Schneider verzog sein Gesicht. “Mir liegt eher daran zu erfahren: Was ist er? Wo kommt er her? Wer hat ihm den Kopf abgeschnitten? Gibt es noch mehr von seiner Sorte?”
Müller-Herrmann zog sich einen speckigen Trenchcoat über und stülpte sich einen Pepitahut über den Kopf.
“Ich muss los. Hab ‘nen Termin. Es braucht sicher noch ein paar Stunden, bevor der Kopf richtig fest sitzt. Dann muss ich auch noch seine Brust zu machen. Herr Schneider, ich melde mich.” Der warf noch einen letzten Blick auf den Mann aus dem Schließfach. Dann ging auch er.


Acht Uhr abends.

Er saß lustlos mit ein paar Salzstangen vor dem Fernseher, als sich sein Telefon meldete.
“Herr Schneider! Er ist weg!”
“Wer? Meduso?”
“Genau der. Als ich in den Sezierraum ging, kam er hinter der Tür hervor und schlug mich bewusstlos. Ich bin gerade zur Besinnung gekommen. Er hat mir meine Klamotten gestohlen. Hut, Mantel, Hemd, Hose, Schuhe. Alles.”

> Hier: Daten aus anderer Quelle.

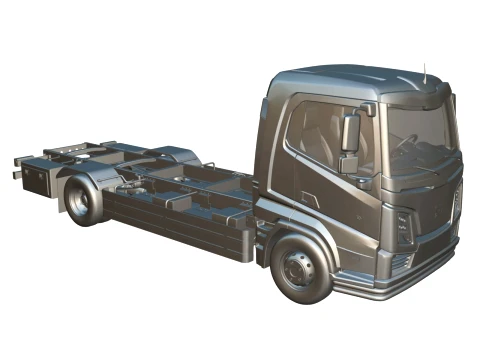 Rezoro3D eLento Truck Long Chassis 3D Model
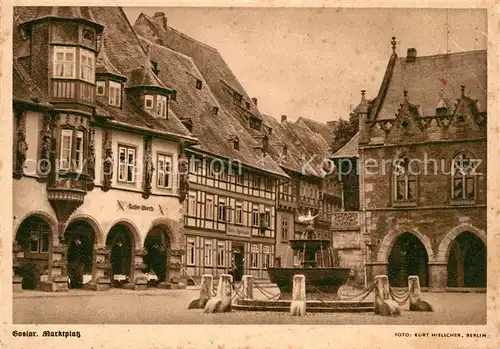 AK / Ansichtskarte Goslar Marktplatz Goslar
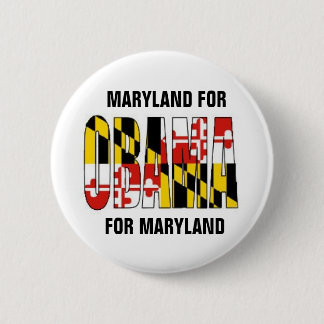 MARYLAND FOR OBAMA BUTTON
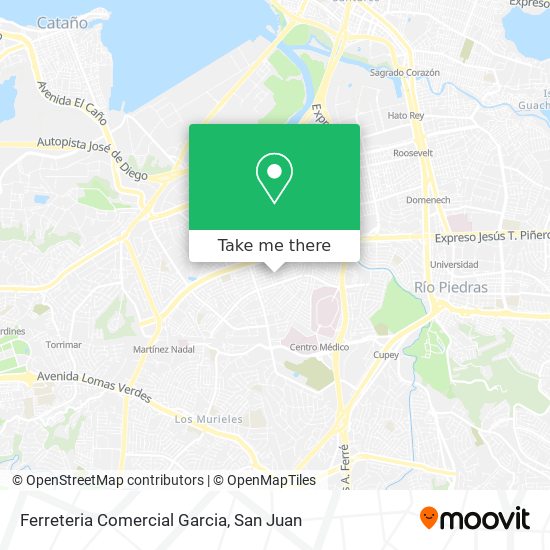 Mapa de Ferreteria Comercial Garcia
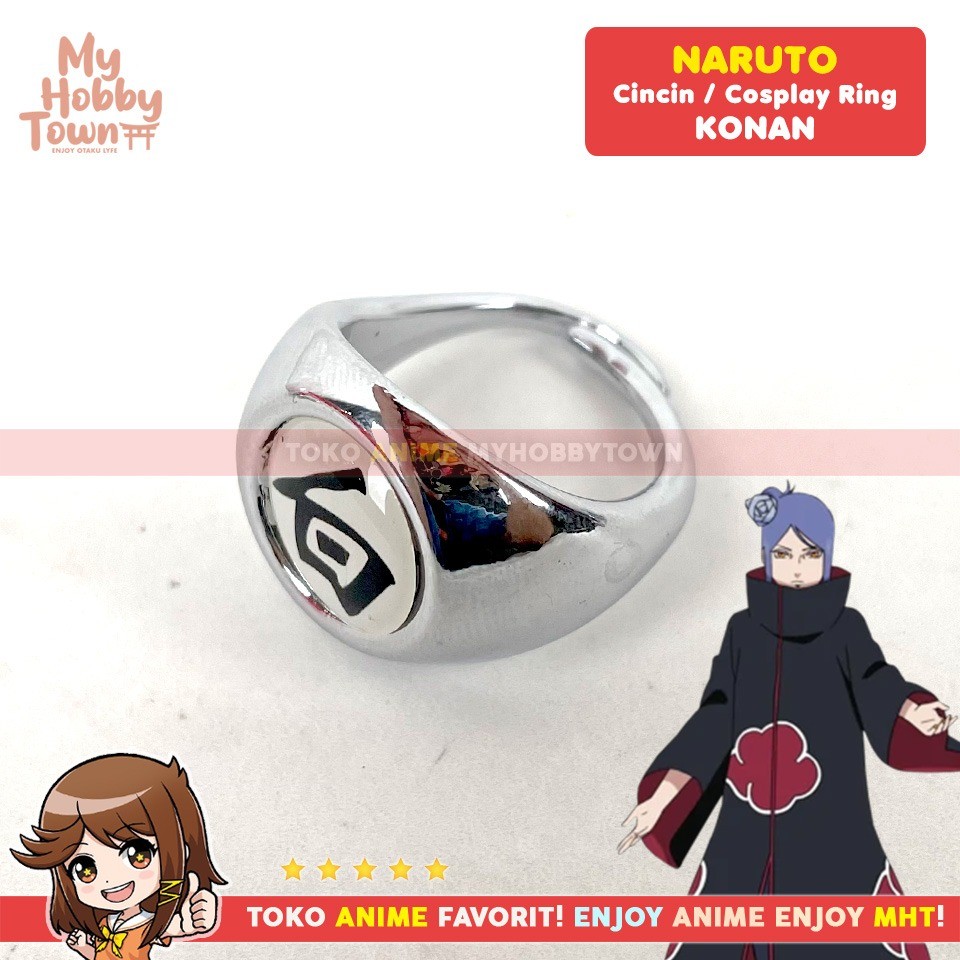 Akatsuki Konan Anillo Akatsuki Itachi Konan Anillos De Akatsuki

“Wann hat er Sie niedergeschlagen?”
“Vor einer halben Stunde, und irgendwas hörte ich, bevor ich abtauchte. Emma, genau. Er sagte Emma.”
“Emma!” Schneider ließ den Hörer auf die Gabel fallen, sprang auf und griff nach seiner Jacke.

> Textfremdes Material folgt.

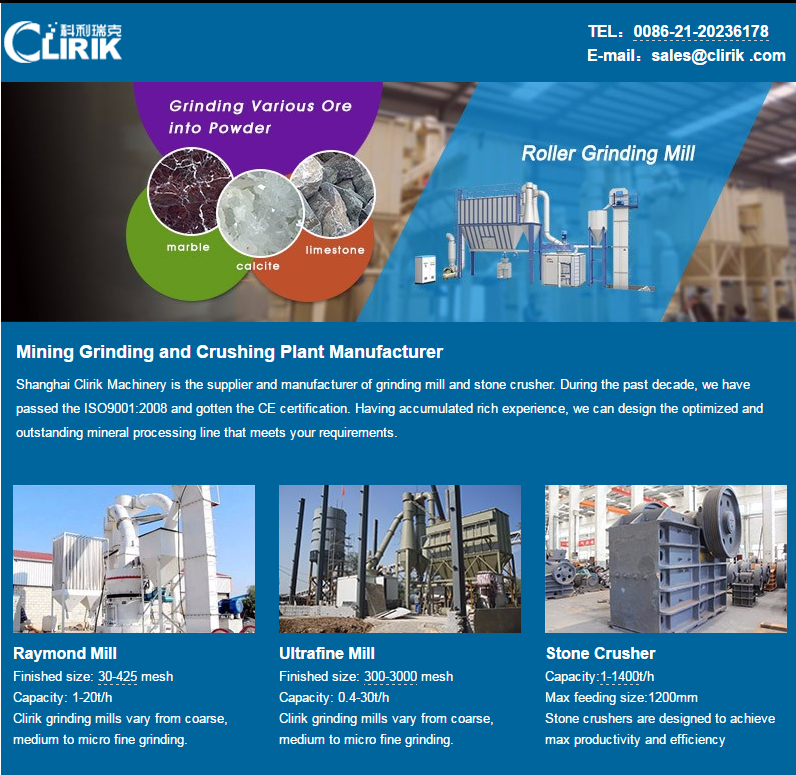 Fly ash grinding mill supplier-CLIRIK Machinery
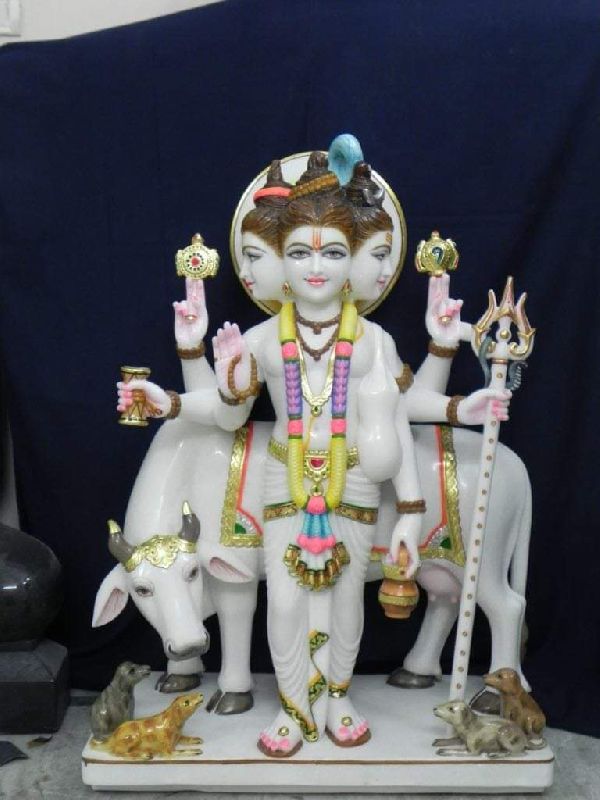 Marble Dattatreya Statue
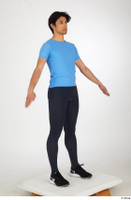  Jorge ballet leggings black sneakers blue t shirt dressed sports standing whole body 0016.jpg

Nachdem Schneider seinen Wagen im Rathsweg geparkt hatte, blieb er einen Moment im Wagen sitzen. Doch es gelang ihm nicht, seine Gedanken zu ordnen. Er stürzte die Treppe hoch und klingelte. Dann stand sie im Morgenrock vor ihm. Sommersprossen, Stupsnase, leicht geöffnete Lippen. Himmel, wie hatte er das vermisst!
“Was machst du denn hier?” Schneider drängte sie in den Flur.

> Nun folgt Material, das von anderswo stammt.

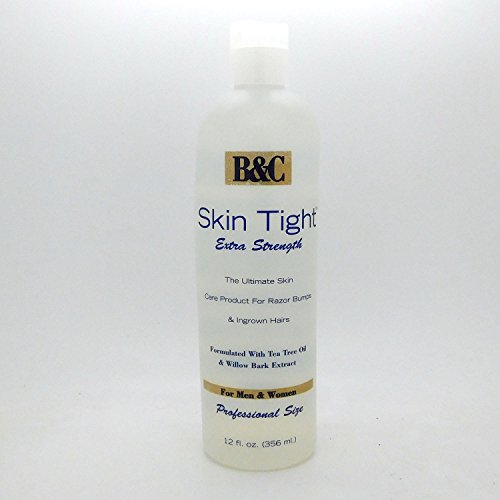 B&C Skin Tight Product for Razor Bumps & Ingrown Hairs-Extra Strength(12 oz)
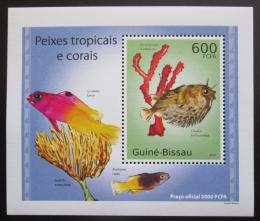 Poštovní známka Guinea-Bissau 2010 Tropické ryby a korály DELUXE Mi# 5076 Block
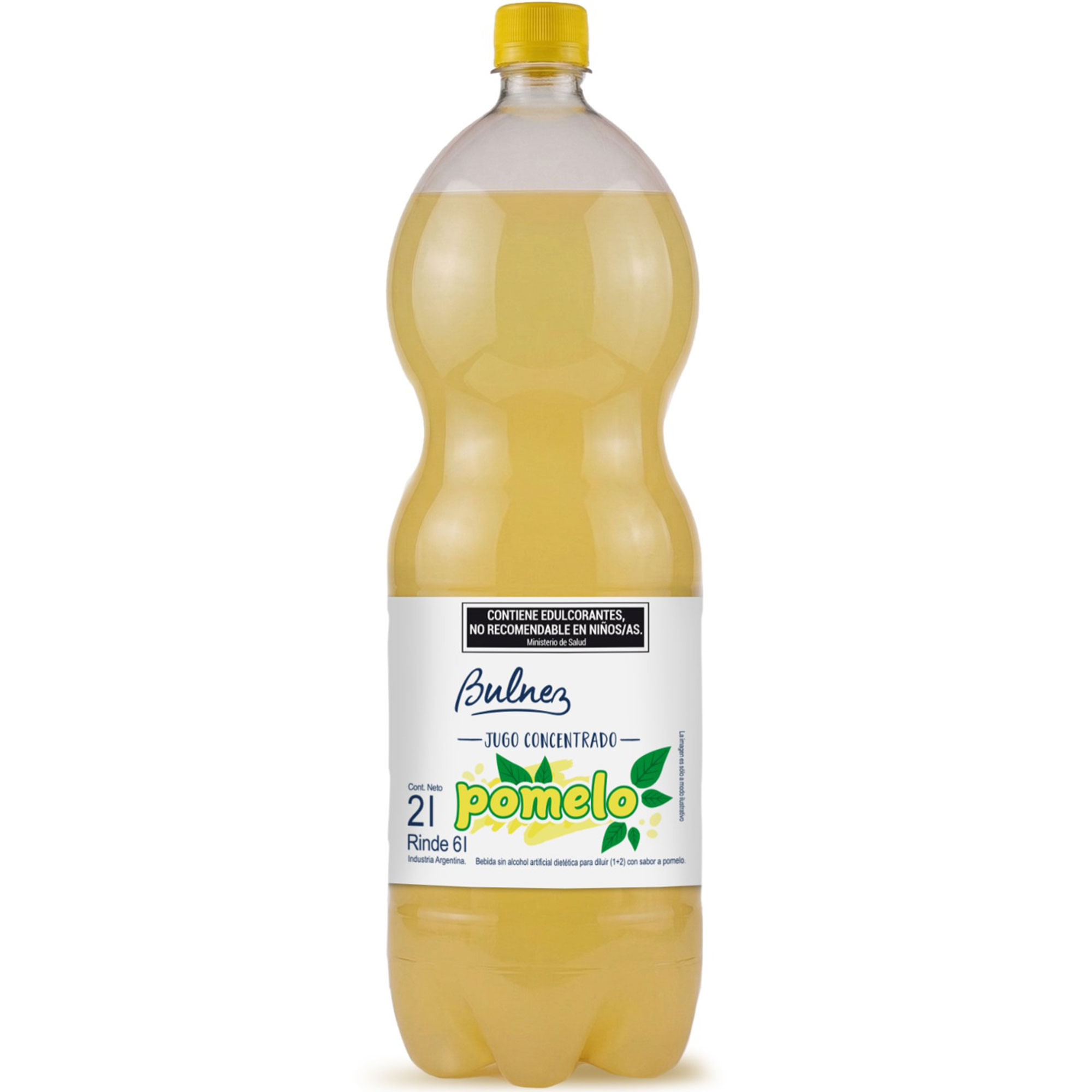 Jugo concentrado Bulnez sabor pomelo rinde 6L pet 2 lts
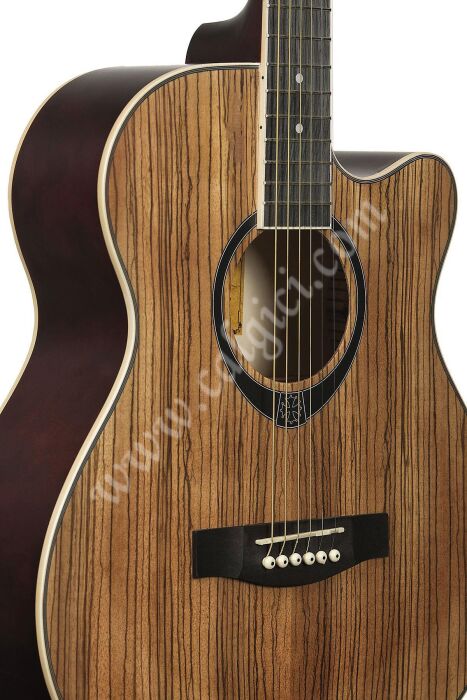 Zoppran ACZP200WL Walnut Akustik Gitar - 3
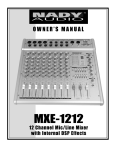 Nady Systems MXE-1212 Network Card User Manual
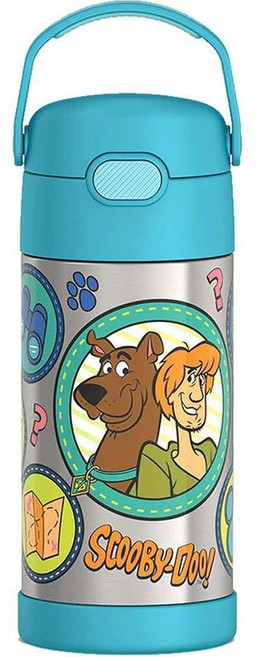 THERMOS FUNTAINER 355ml12온스 스테인리스 스틸 진공 단열 물병 뚜껑 포함 미니 마우스 200962, Scooby-Doo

“Lass mich rein! Du bist in Gefahr!”
“Heinrich, was soll das? Du kannst doch nicht einfach, ich bekomme....!”
“Mach die Tür zu”, unterbrach Schneider sie. “Ich kann dir das jetzt nicht erklären!” Er fuhr mit der Hand in seine Jackentasche.
“Verdammt, meine Sonnenbrille. Ich hab sie bei Müller-Herrmann liegen lassen. Emma!”, rief er, “geh ins Wohnzimmer und bleib dort.” Schneider ging im Flur auf und ab. Er würde kommen. Er würde kommen. In Schneider stieg das Grauen hoch. Er hörte Schritte, dann klopfte es an der Tür. Schneider perlte der Schweiß von der Stirn, als er seine Pistole zog, auf die Tür zielte und abdrückte. Ein schleifendes, dann ein dumpfes Geräusch. Schneider wartete einen Augenblick, bevor er die Tür öffnete.
Udo lag im Treppenhaus. Emma warf sich schluchzend über den Leichnam und bedeckte ihn mit Küssen. Tote Augen über eingefrorenem Grinsen. Schneiders Gedanken wüteten, dann gab es nur noch Trauer, Schmerz und ein Gefühl grenzenloser Einsamkeit. Emma und Udo. Wie lange schon? Schneider ging wie eine mechanische Puppe die Treppe hinab. Ein Mann in einem speckigen Trenchcoat kam die Stufen hoch. Den Pepitahut hatte er tief ins Gesicht gezogen. Meduso ging an ihm vorbei. Schneider sah nicht zurück.